# Moebius....BSG Colonial One



## sg-99 (Jan 11, 2009)

Fantastic kit simple and a straightforward build! First off a look at the kit-

https://youtu.be/FBtBaZT0Jjs


So it begins I want to light my Colonial one so I started drilling out the windows in the hull.


----------



## sg-99 (Jan 11, 2009)

Becoming one with Tamiya handy drill, drilling the out the windows continues.


----------



## sg-99 (Jan 11, 2009)

The kit will need to be light blocked but I did wire up some leds and drilled out the thrusters for a quick light test.


----------



## sg-99 (Jan 11, 2009)

Still a ways to go but the engines/thrusters are light block.


----------



## sg-99 (Jan 11, 2009)

After I drilled all the windows out and the only windows i did not drill out are the ones on the circular part on the conning tower.

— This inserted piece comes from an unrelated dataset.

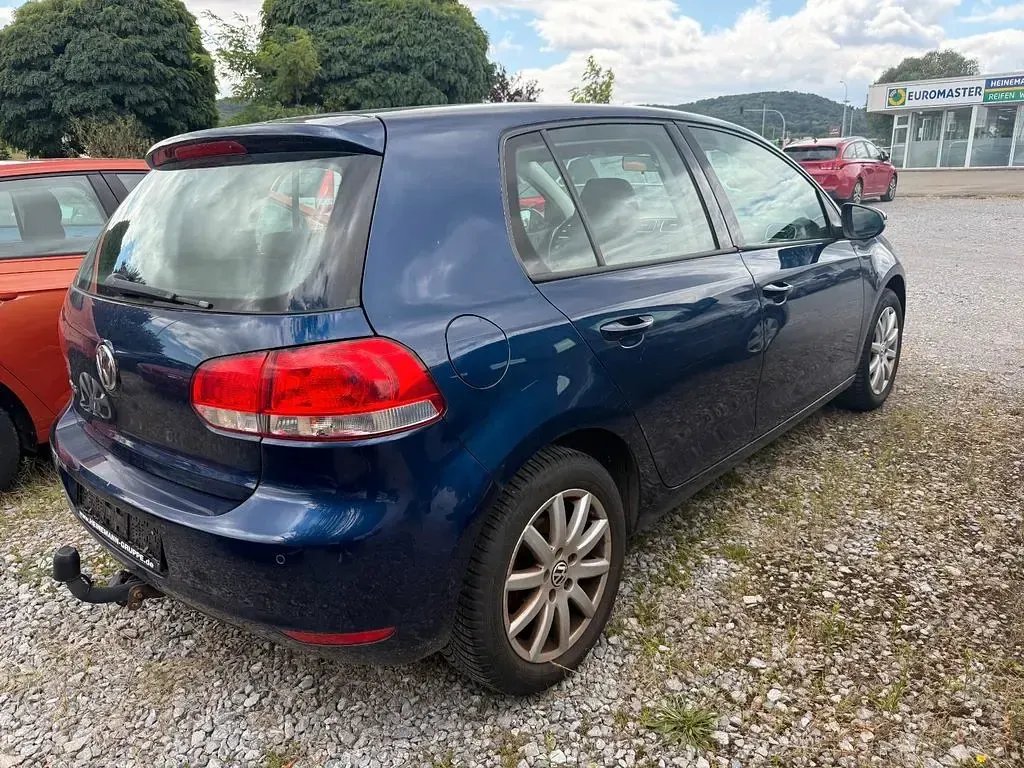 Gebraucht VW Golf VI Comfortline 80 PS (58 kW) 2009 Blau Limousine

Also the three engine ring assembly will not be lit as I want to keep it simple and proceed on. Everything is ran off a 9v battery, The main engines are cool white leds for the main body I used warm white which will give the illusion of indoor/office lighting which is pretty close to what was seen in the show. The kit's main body and conning tower go together great just glue and clamp and hardly no seam work at all. 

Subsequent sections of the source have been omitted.